Loosely based on the novel by Martin Amis, the film portrays SS officer Rudolf Höss (Christian Friedel), commandant of Auschwitz; his wife Hedwig (Sandra Hüller) and their five children as they live beside the death camp where the Nazis killed 1.1 million people, mostly Jews.
The Höss family seems “normal” on the surface. We never see the grisly business of genocide taking place behind the walls, but hear muffled sound of gunshots and screaming. We see smoke pouring from the chimneys, but never bodies being burned in the crematorium.
Glazer juxtaposes this unseen horror with the banality of the Höss household: the family swimming in the river and sharing meals, Hedwig tending her garden, Rudolf listening to sports updates on Nazi radio.
Despite living next to the primary site of the Holocaust, for the Hösses, the real tragedy is when Rudolf is transferred to Oranienburg near Berlin. Mrs. Höss is beside herself at the notion that they might have to move away from what she considers an idyllic home.
The banality of the plot of the movie, and the fact that the horrors of the camp are almost never shown, reflect the narrowness of views of the Höss family. Their worldview doesn’t go further than their garden.
Like many Nazis, Rudolf Höss came from a petty-bourgeois background, his father a former army officer who ran a tea and coffee business.
Leon Trotsky defined fascism as a mass movement of the ruined petty bourgeoisie (middle classes) and lumpenproletariat, used as a battering ram by big business to physically destroy the workers’ movement. He described fascism as “the petty bourgeoisie gone mad”.
As an intermediate class, the petty bourgeoisie strives for wealth and a bourgeois lifestyle, but is crushed under the weight of the banks and big bourgeoisie. In conditions of acute capitalist crisis, they can come to see conquest and plunder as the only means of attaining that lifestyle, and turn to murderous rage against anybody deemed to be standing in their way—be it workers, Jews, or other minorities or ethnic groups.

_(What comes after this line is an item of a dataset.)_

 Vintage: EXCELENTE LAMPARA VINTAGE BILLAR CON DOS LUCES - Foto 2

The Zone of Interest captures the extreme individualism and myopia of the petty bourgeoisie, who are prepared to accept the worst horror if it means improving their lifestyle. At one point, Mrs. Höss, devastated at the idea of losing her home next to a death camp, says, “Everything the Führer said about how to live is how we do. Go East. Living space [Lebensraum]. This is our living space.” A big house with a garden: that is what the Hösses were ready to commit mass murder for.
Despite being about events from 80 years ago, this is a deeply topical movie. Glazer, who is Jewish, explicitly connected The Zone of Interest to Israel’s attack on Gaza when he accepted the Academy Award for Best International Feature. “All our choices were made to reflect and confront us in the present,” Glazer said. “Not to say ‘look what they did then’—rather, ‘look what we do now.’

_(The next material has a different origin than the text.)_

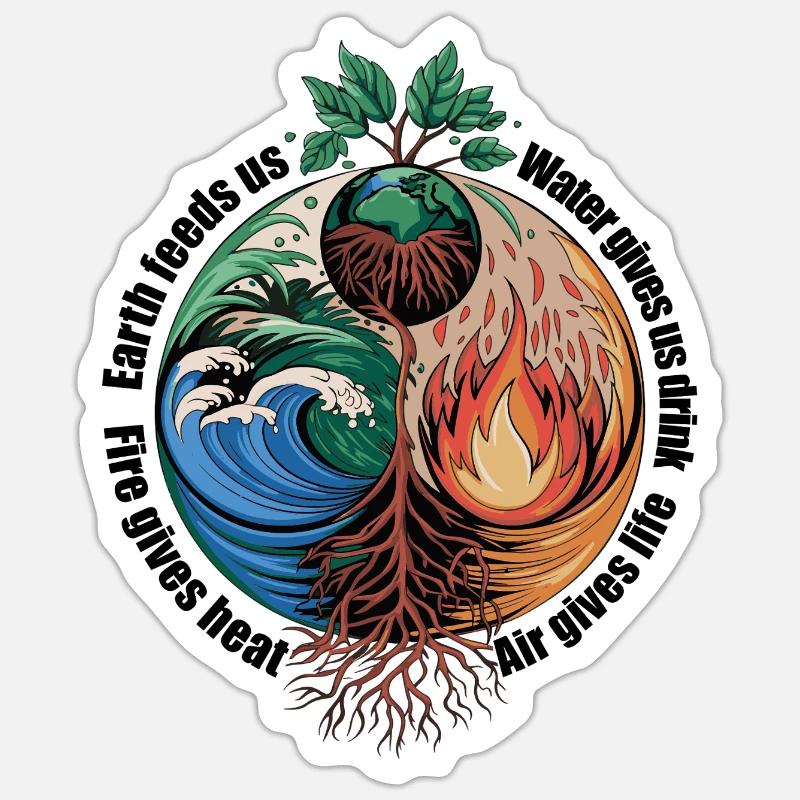 Vier-Elemente-Baum - Erde, Wasser, Feuer, Luft Sticker Größe S (10 x 10 cm)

“Right now, we stand here as men who refute their Jewishness and the Holocaust being hijacked by an occupation which has led to conflict for so many innocent people,” he added. “Whether the victims of Oct. 7 in Israel or the ongoing attack on Gaza—all the victims of this dehumanization, how do we resist?”

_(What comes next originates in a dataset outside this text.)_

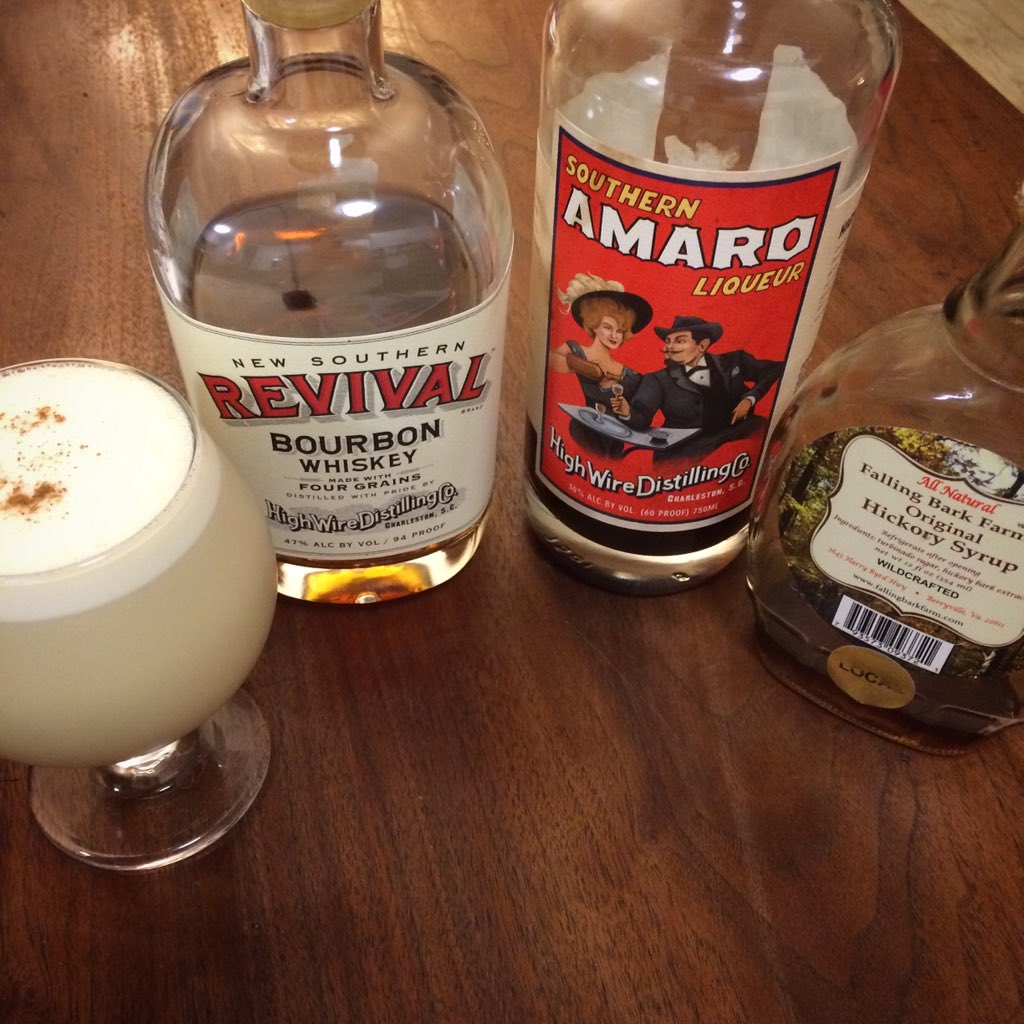 Eggnog recipe using bourbon and amaro from Charleston's High Wire Distilling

For his mild speech at the Oscars, Glazer was immediately attacked by the film industry and bourgeois media—accusing him of antisemitism, often misquoting his speech. Glazer, who could be seen trembling when he said these words, was putting his own career on the line. Producers will think twice before giving him money for his next film.
The outrage caused by this speech among Hollywood fat cats—Glazer was even denounced by his own producers—underscores the current artistic wasteland that capitalist society is going through. Political movies and artistic pieces like The Zone of Interest are few and far between.
This sterile creative atmosphere has been even more glaring in the current context of a genocide, where artists have been largely silent about the onslaught on Gaza, or have limited their comments to vague statements about peace or calling for a ceasefire. It has taken fully seven months for a mainstream musician to release a song denouncing the genocide, with Macklemore’s “Hind’s Hall”.
As capitalism is rotting away, sinking ever deeper into crisis, political art can only be revolutionary, denunciatory, to be relevant. But artists largely depend on funds and means from big producers and distributors, who are not interested in spreading revolutionary ideas that attack their system.
To free art from its shackles, and allow artists like Glazer to keep making art, the wealth of society should be expropriated from these rich, genocide-denying producers, and placed under workers’ control.